Your doctor may want to schedule an elective (planned) caesarean before you go into labour for various reasons. For example:

  • The first baby is in breech or transverse positions
  • You’ve previously had a baby by caesarean
  • You have placenta previa (where the placenta/s covers your cervix)
  • You’ve previously had a difficult vaginal birth
  • You understand the risks but decide you would prefer to have your babies this way

During labour, an emergency (unplanned) caesarean may be necessary for various reasons, including:

  • The baby being delivered moving into a difficult position
  • Foetal distress
  • Compressed or prolapsed umbilical cords
  • High blood pressure
  • Slow progress
  • Failure of assisted delivery (ventouse or forceps)

Occasionally - in about 5% of cases - the first baby is delivered vaginally but a caesarean is required for the second baby.

If you opt to deliver your twins vaginally you should be watchful for the first signs of labour. The signs your in labour will be the same as for a single pregnancy, but the chances are you’ll experience them earlier.

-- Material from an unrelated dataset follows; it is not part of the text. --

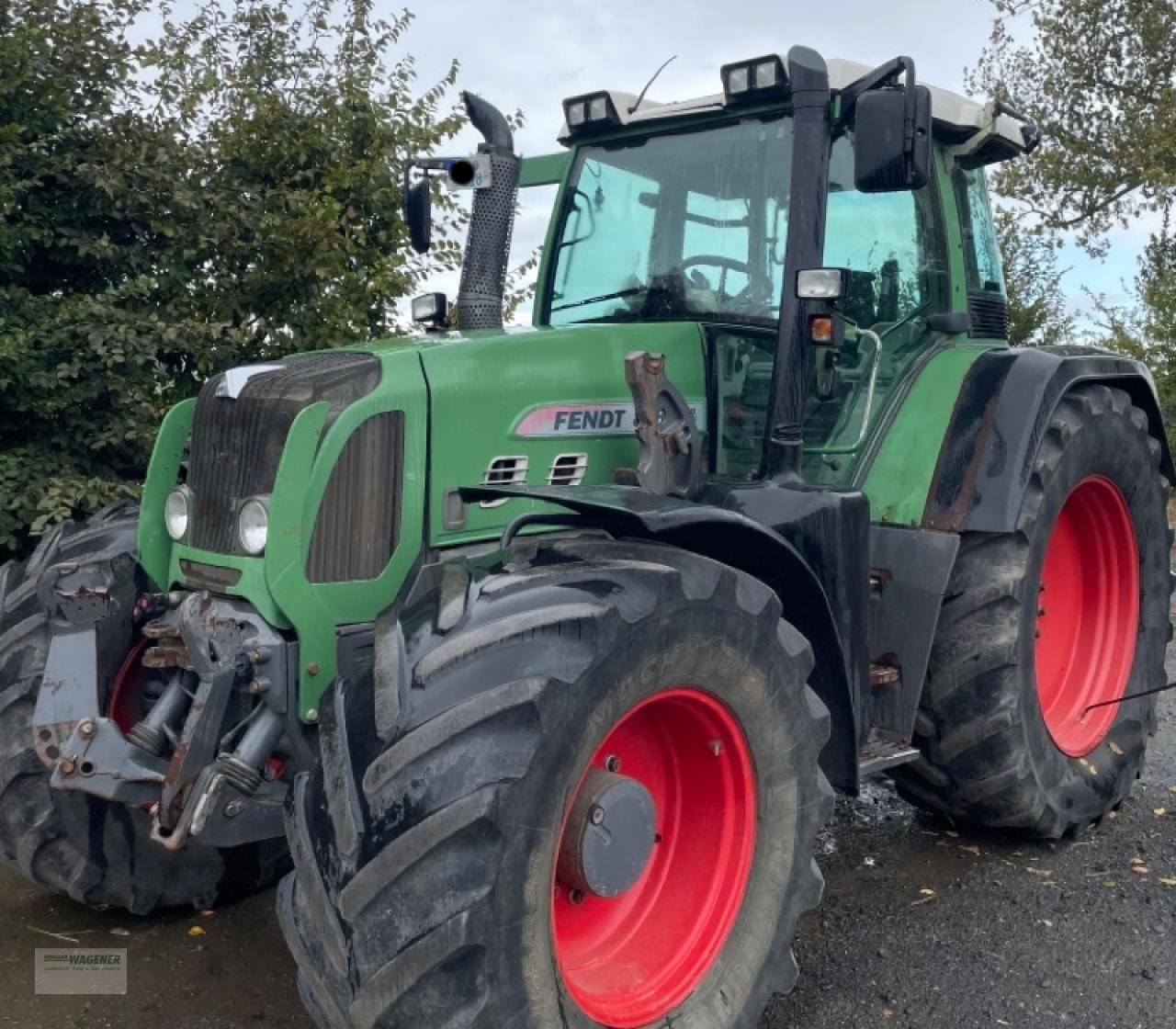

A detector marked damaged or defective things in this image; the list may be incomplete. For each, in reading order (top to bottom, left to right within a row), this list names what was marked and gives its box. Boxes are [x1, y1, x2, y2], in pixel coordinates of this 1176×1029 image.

rusty metal bracket [616, 353, 695, 501]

What will labour be like with twins?

Labour in a twin pregnancy follows the same pattern of first, second and third stages. However you’ll need closer monitoring than in a straightforward single labour, due to a higher risk of complications. Because of this, it’s unlikely doctors will support midwife-only, birth centre, water or home births and most likely you’ll give birth in hospital.

You’ll be asked to wear a CTG monitor to keep tabs on your babies’ heartbeats and your contractions. A CTG monitor is a belt with sensors worn around your bump and one attached to your first baby’s scalp, via your cervix. While you’ll still be able to move around and adopt different positions, this monitoring will restrict your ability to move and travel around the hospital.

During labour, you’ll be offered all the normal pain relief options - gas and air or pethidine, for example. You’ll probably be advised to have an epidural due to the higher-than-normal risk of an emergency caesarean or assisted delivery.

It’s important to understand what all these methods of pain relief involve, to discuss your wishes with your midwife or doctor, and include them in your birth plan.

When you’re ready for the second stage of labour (pushing your twins out), many hospitals require multiple births to take place in the operating theatre. Expect to see more medical professionals present than with a single birth, as you’ll need two midwives and two paediatricians – one for each baby – and there may well be junior staff and/or students who wish to observe a twin birth. If you’re uncomfortable with this, you can ask for all non-essential staff to leave.

You may be encouraged to deliver your twins lying on your back but different positions may be possible with your midwives’ support, so do discuss your wishes in advance.

What happens after the first of my twins is born?

After your first baby is born, the doctor will check the position of the second baby and, if necessary, attempt to move it into a head-down position. The second baby is usually delivered within 20 minutes and delivery is often quicker and easier as the birth canal has already widened.

Natural delivery of the placenta (third stage of labour) is not usually recommended due to an increased risk of bleeding with twins. A hormone drip will be used – while you coo over your brand-new bundles of joy!


However you and your healthcare team plan to deliver your twins, remember you have a right to discuss your wishes and ask questions at every stage. Ultimately, it’s the wellbeing of you and your twins that will form the basis of all decisions.